■ THE TASK ■
Starting at the first line of the entries below, please return exactly each line up to and including the one with "Account Benefits t55bet"; pictures stay out.
---- RECORDS FOR PROCESSING
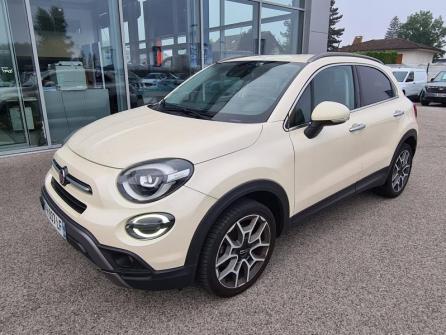 FIAT 500X 1.6 Multijet 120ch City Cross à vendre à Oyonnax - Image n°1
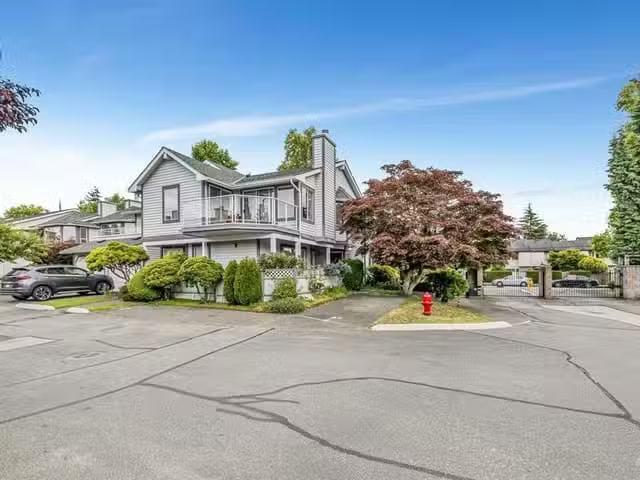 Condo for sale in Surrey, British Columbia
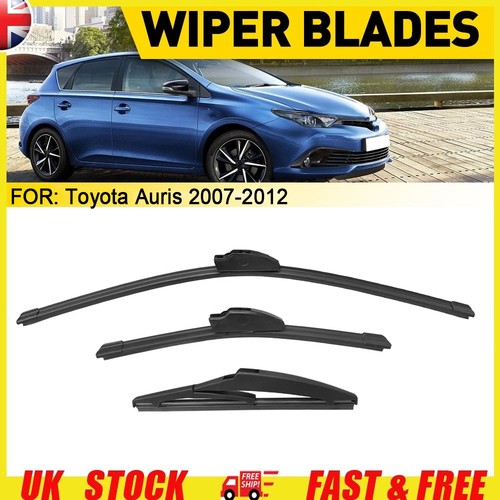 For toyota auris 2007 front - toyota,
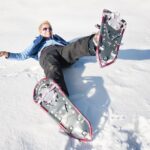 Eco friendly snowshoeing in Scenic Landscape - The Experience Itself: A Closer Look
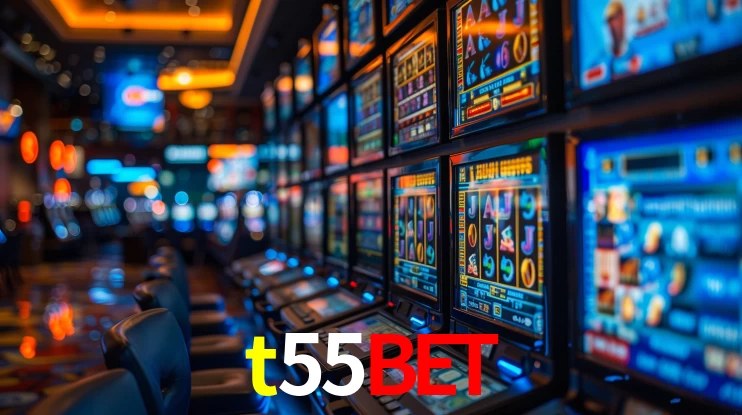 Account Benefits t55bet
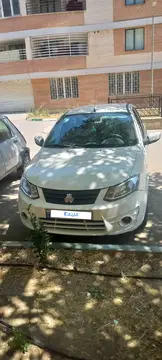ساینا‏، EX دنده ای‏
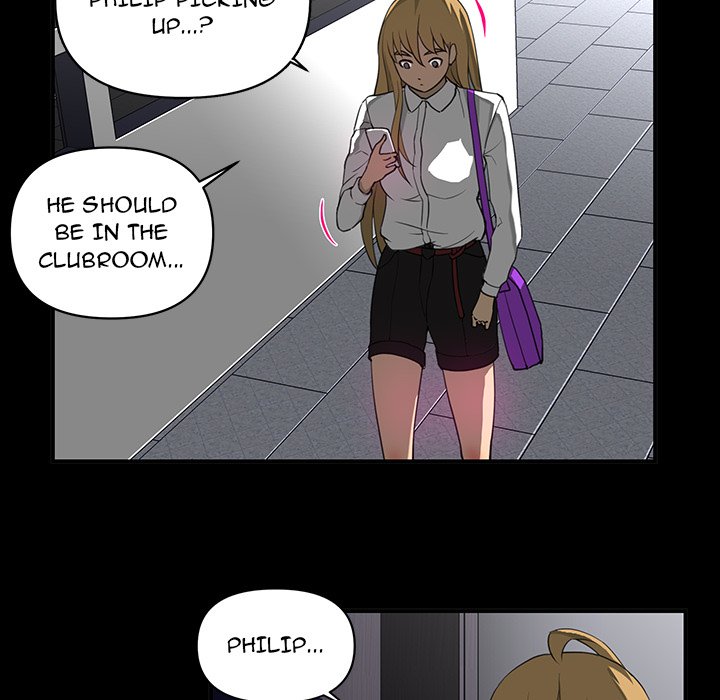 My Best Mistake Chapter 13 image 60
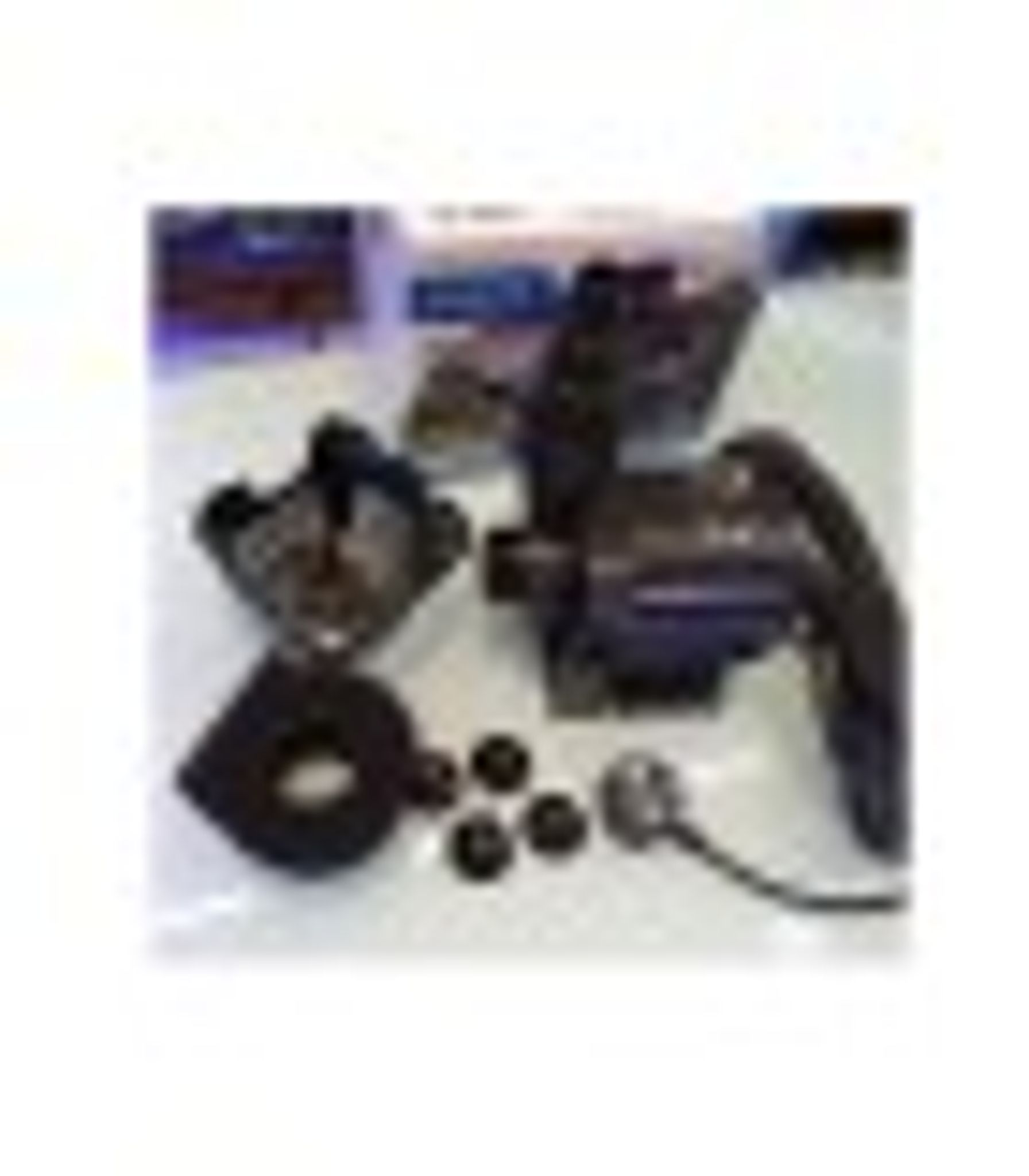 HAILEA PUMP BP 6000 (6000 LPH)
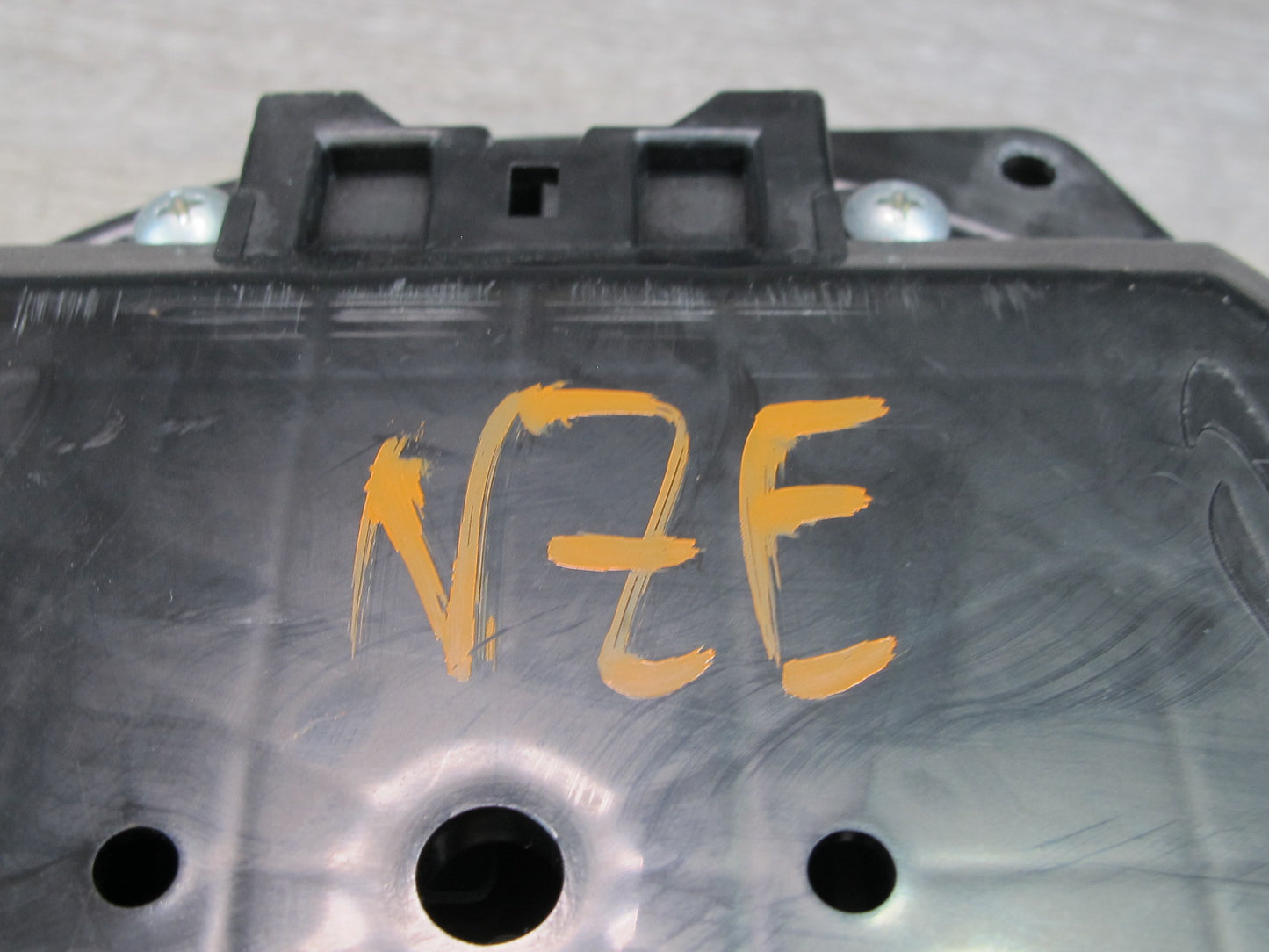 09-20 Nissan 370Z Z34 A/C Heater Blower Motor Fan 272V0-AM61A OEM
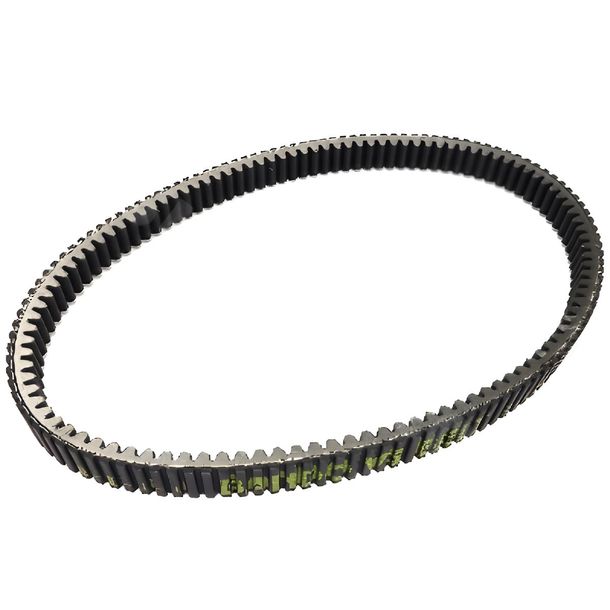 Cinghia di trasmissione Bando B5-21119, 1038x27.5x12.6mm 30°, 23100-K1B-T02 per Honda ADV NSS A Forza SH i 350 cc modello 2021 - 2024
--------
■ ANSWER SECTION ■
 FIAT 500X 1.6 Multijet 120ch City Cross à vendre à Oyonnax - Image n°1
 Condo for sale in Surrey, British Columbia
 For toyota auris 2007 front - toyota,
 Eco friendly snowshoeing in Scenic Landscape - The Experience Itself: A Closer Look
 Account Benefits t55bet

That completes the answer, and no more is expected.